Universal Avionics (UA) gab am Mittwoch bekannt, dass es die Entwicklung seiner ersten visuellen Datenverwaltungslösung Aperture abgeschlossen hat. Aperture wurde letztes Jahr eingeführt und soll Piloten dabei helfen, „die Vorteile von Inhaltsanalysen in Echtzeit und Augmented Reality zu nutzen, wie z. B. visuelle Positionierung, Hinderniserkennung, Taxiführung und Bewusstseinsverkehr“, um das Situationsbewusstsein zu verbessern.
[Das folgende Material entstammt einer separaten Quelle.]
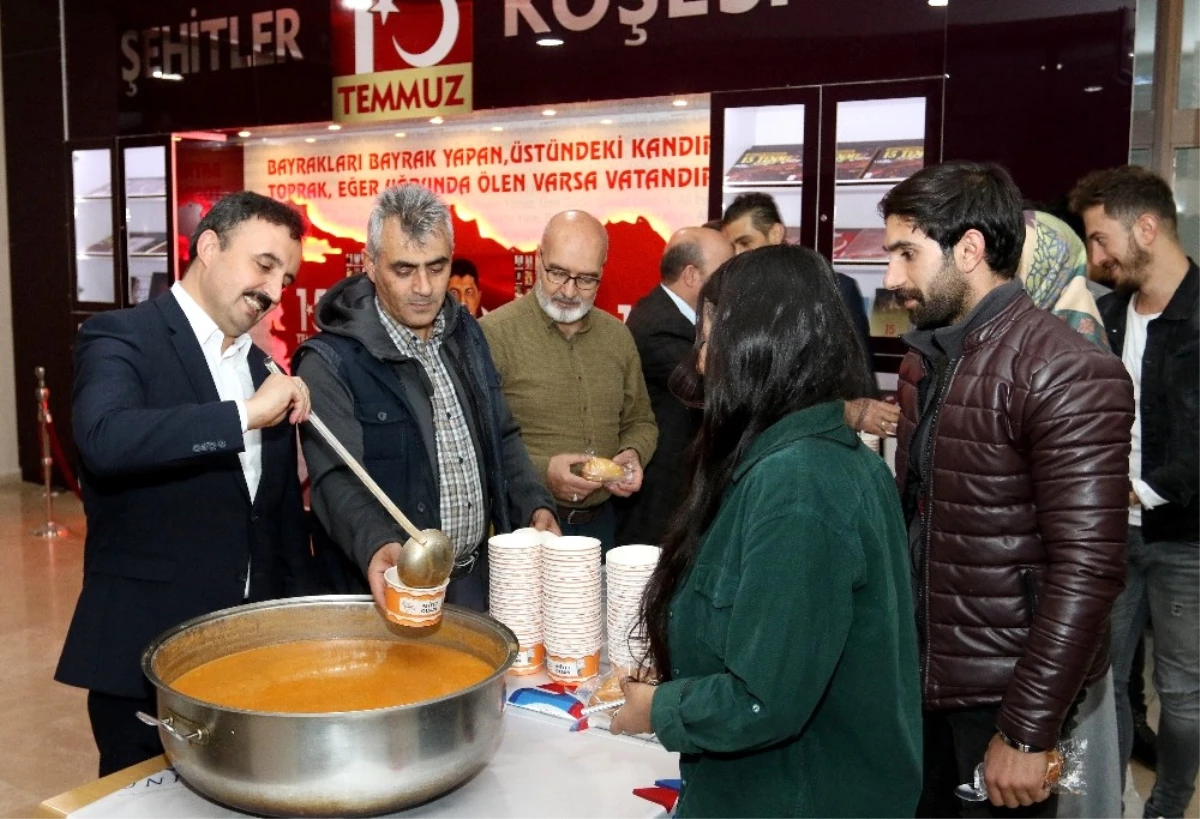 Aiçü\'de Öğrencilere Çorba İkramı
Laut UA ist die erste Version von Aperture in der Lage, acht Videoeingänge zu verarbeiten und unterstützt vier Videoausgänge „fast ohne Latenz“, die Bilder von einer Enhanced Vision System (EVS)-Kamera und anderen Cockpit-Sensoren anzeigen.
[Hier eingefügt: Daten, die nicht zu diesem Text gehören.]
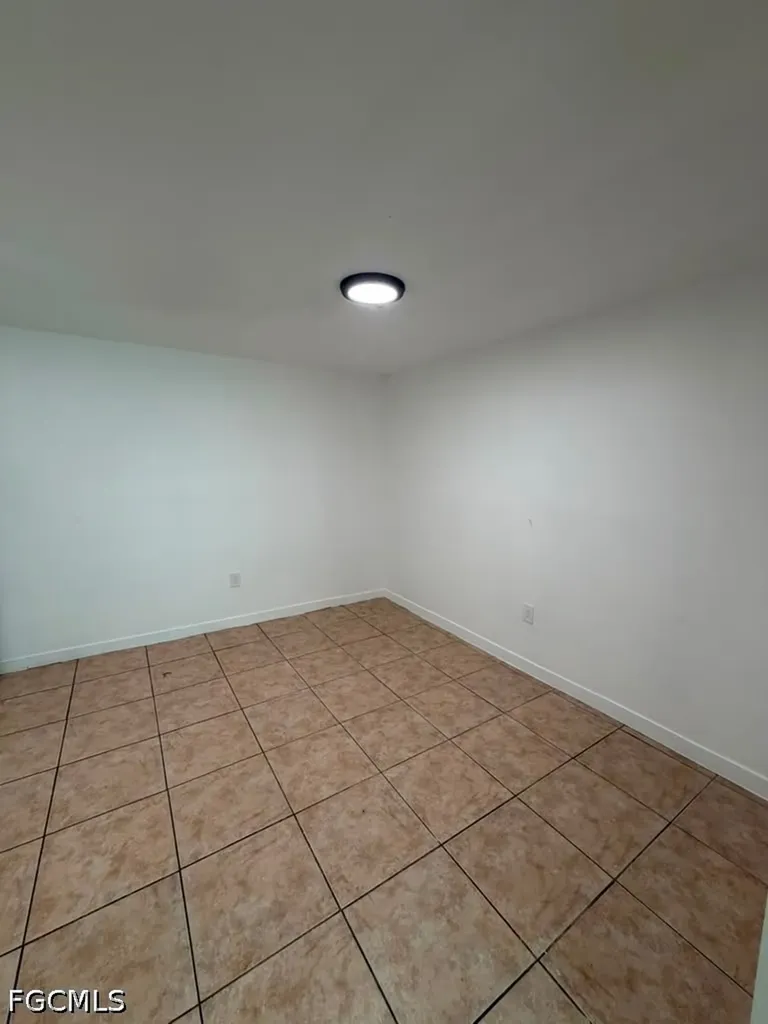 2148 Dora Street Fort Myers FL 33901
„Aperture öffnet die Tür für neue Möglichkeiten, die in unserem täglichen Leben Realität werden“, sagte Dror Yahav, CEO von Universal Avionics. „Stadtverkehr, Raumfahrt, Einzelpiloten- und autonome Operationen, die einst unmöglich waren, werden mit dem Aufkommen von KI-gestützter Augmented Vision, die die Pilotensicherheit und Flugzeugoptimierung fördert, Realität.“
Für zukünftige Versionen von Aperture plant UA, Funktionen hinzuzufügen, darunter zusätzliche Video- und Sensorkanäle, Videoaggregation und -manipulation mit geringer Latenz sowie die Generierung synthetischer Bilder. Das Unternehmen sagte auch, es habe eine Vereinbarung mit einem nicht genannten Avionikhersteller, eine Öffnung für das Cockpit eines Flugzeugs bereitzustellen, das sich derzeit in der Entwicklung befindet. UA sagte, es bereite die Produktion für diesen Auftrag vor.

August Baumann schreibt für Presseraum.at über Politik, Wirtschaft, Technologie, Sport, Unterhaltung und Lifestyle. Er legt Wert auf klare Berichterstattung, aktuelle Entwicklungen und relevante Geschichten, die Leserinnen und Leser verständlich und zuverlässig informieren.